The revolutionaries installed a provisional government and a constitution that guaranteed freedom of expression and equal rights (although it apparently didn't free any slaves). The revolution lasted only two months. Portuguese troops from the Southeast joined with soldiers contributed by loyal plantation owners in the Northeast to suppress, violently, the revolution and imprison the leaders. The Revolução Pernambucana was the last attempt at independence before Pedro I declared Brazilian independence in 1822.

Wednesday, March 05, 2008

Brazilian Celebrities Who Look Like American Celebrities

This will be an ongoing series here, because Brazilian television is pretty much nothing but American celebrity look-alikes.



The photo above is Fernanda Vasconcellos, who is currently starring in Rede Globo's novela Desejo Proibido, and the photo below is comedian and activist Paula Poundstone.

Monday, March 03, 2008

Tropa de Elite

I finally saw Tropa de Elite on Sunday, and it was a very good movie. That said, it wasn't ambiguous, as Mr. Trend implies but quite explicit in making the BOPE the knights in shining armor. The movie's message is unmistakable: All police are corrupt except the BOPE, who are the only ones actually doing anything about the problems if crime in Brazilian society.

At no point do we ever see what the police look like to favelados who aren't in gangs. In fact, the only valid criticism of the police is related to the corruption of the normal Polícia Militar -- they don't take the "war" against drug dealers seriously enough, and the BOPE might have to kill them. The middle-class law students complain about the unfriendliness of the police at a traffic stop, tarring all criticism of police brutality as the effete rebellion of rich kids who romanticize the poor.

It's difficult to argue with the film itself -- it is probably exactly how the BOPE members see the world. Within its limited vision it is probably perfectly accurate, but what a limited vision it offers. The buzz surrounding the movie was huge, but in the end it reminded me of a cop movie from the 80s, like Cobra. Kill the bad guys and go home, nothing else to it. It's too bad, though, because unlike Cobra it could have been so much more.

Saturday, March 01, 2008

Stupid Is Not The Exclusive Property Of The Right

This is asinine. I hope it goes away quickly, because there are substantive issues to be engaged.

I am the recent father of a girl born to one American parent (me) and one Brazilian parent (her mother), and she is a natural-born American citizen. Period. She has a passport issued by the US government. The only paperwork involved was registering her birth at the consulate and requesting her passport. This is not open to discussion. John McCain was born outside of the US (let's simplify the situation and call the Canal Zone a foreign country) to two (the number that comes after one) American parents. He is a natural-born American citizen. There is no interpretation necessary. This isn't an interesting case. It's a waste of time.

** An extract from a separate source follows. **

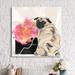 Picture Perfect International 'Stop & Smell the Flowers' Framed Graphic Art Print on Canvas ' Canvas in Black/Brown/Pink | Wayfair 704-4627_2828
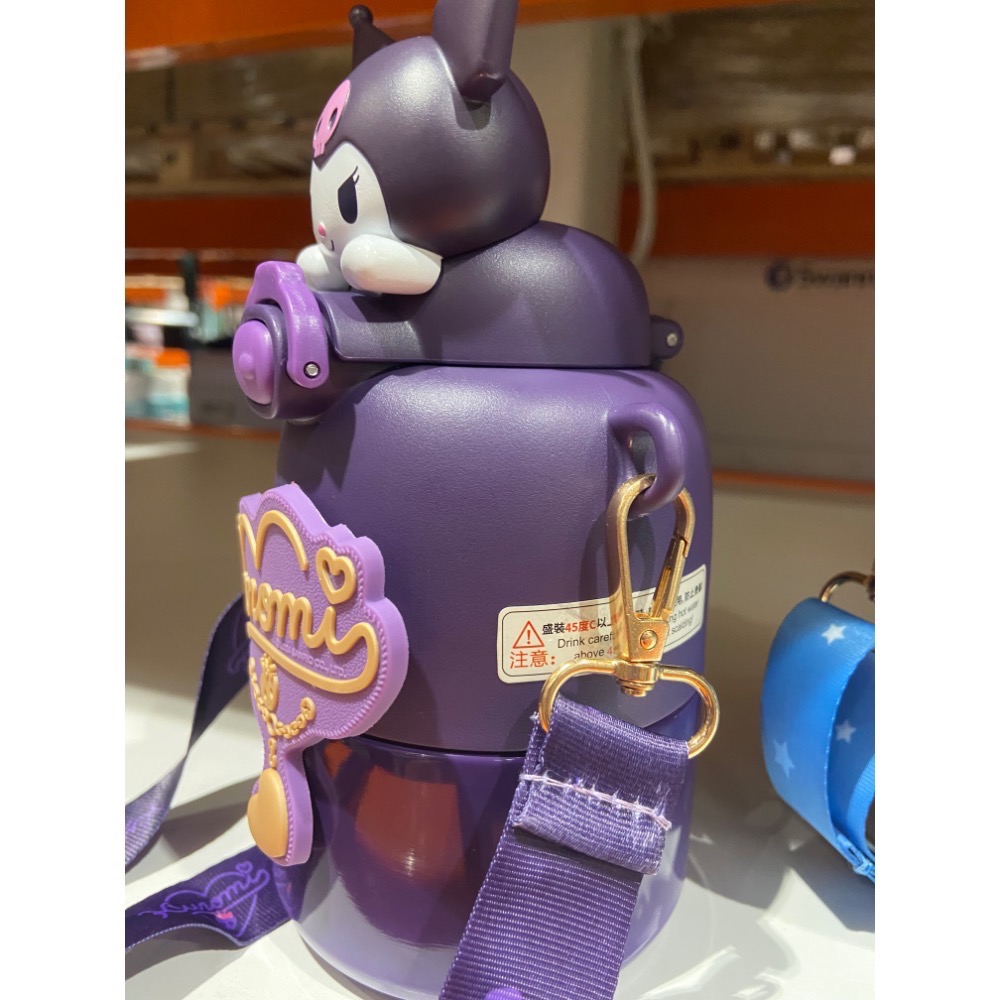 Sanrio三麗鷗兒童不鏽鋼保冷壺 容量約430毫升 Hello Kitty/大耳狗/酷洛米-吉兒好市多COSTCO代購-細節圖5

The comments discussion on Group News Blog looks like a discussion with a wing-nut who insists that "every tax cut in history has resulted in an increase in tax revenue." On one side there are people with actual experience in the relevant area and facts at their fingertips, on the other side there are people who cling stubbornly to a belief that makes them feel warm and fuzzy inside.

I hope I never see anyone discussing this again.

Embarrassing

It is embarrassing that the US can find so much money for war and so little for food aid. This isn't penetrating analysis, or anything that hasn't already been said before. But it needs to be said.

I understand that helping others isn't the sort of thing that arouses people's emotions, and won't provoke an intense debate in congress. But how can anyone justify cutting back on food aid while spending so much more on a misguided and illegal war?